Anyway. Yesterday I took Dan in to meet Mark for lunch, and we had good bread bowl soups, and then Dan and I wandered around the Stanford campus, dropped off my library books at the Bing Wing (which sounds like the setup for a Feghoot if you ask me), went up Hoover Tower. Then we went and sat outside The Prolific Oven and read until it was time to fetch Mark from work. (They put bits of milk chocolate in my coffee. I am generally opposed to milk chocolate on principle, but it was all right with the coffee, I guess.) I finished the current issue of Analog and The Boxer Rebellion. Then last night after dinner, I read the latest Scientific American and started Robert Harris' Enigma. It's the book that the Tom Stoppard movie was based on. So far, it's got one thing up on the movie: Turing is in the book. In the movie, the main character, Tom Jericho, was a bright young thing from Cambridge working brilliantly on the Enigma project, and there was no Alan Turing, giving us the impression that they had just changed the name so that they could cast Kate Winslet instead of Leonardo di Caprio as the romantic interest. (Not that I wasn't heartily grateful for that particular substitution. But still. The de-gaying of Turing seems tasteless, especially under the circumstances.) But in the book, Turing is around; Turing is someone Tom Jericho hero-worships and considers a mentor. Nobody has tried to de-gay him. So, good then.

Much of what I write that isn't on a specific project keeps devolving into a to-do list, lately, as yesterday's entry did. And if you think that's bad, you should see my actual to-do list. I keep adding to it. I keep not subtracting from it. Well, not as much as I add to it, anyway. But I'm getting a lot of stuff done -- it's just that there's a lot to do. David calls this "go mode." That's a good general term, but in this case I think "holiday hyperdrive" is more apt. My mom goes into holiday hyperdrive, too. Neither of us has been sleeping particularly well this week -- or well but not long, whichever. And if my back is this scrinchy, I'd hate to see hers.
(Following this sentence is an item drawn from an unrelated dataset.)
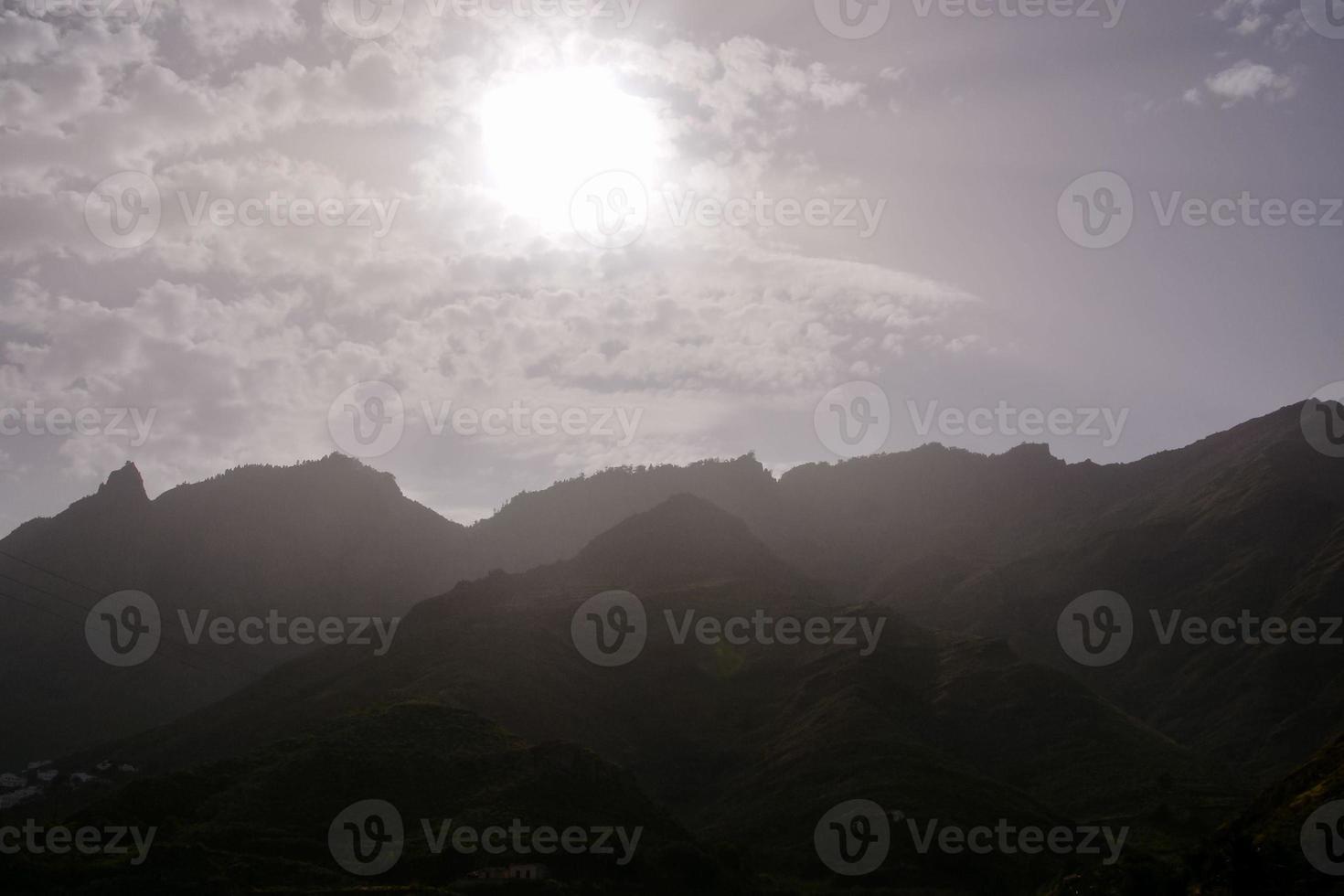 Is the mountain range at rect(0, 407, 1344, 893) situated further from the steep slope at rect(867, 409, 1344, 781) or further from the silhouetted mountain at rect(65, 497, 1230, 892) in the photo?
the steep slope at rect(867, 409, 1344, 781)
But I did get a lot of good work done on the Chinese book yesterday, so I'm going to do some more of that today, see if I can hit the halfway point by tomorrow morning, maybe. I'm going to do the thrilling household things -- grocery shopping, laundry, maybe a little cleaning -- and work hard on the book, and then Timprov and I will head up to Berkeley and do some Christmas shopping before we meet Zed for dinner.

I'll talk to you guys more tomorrow.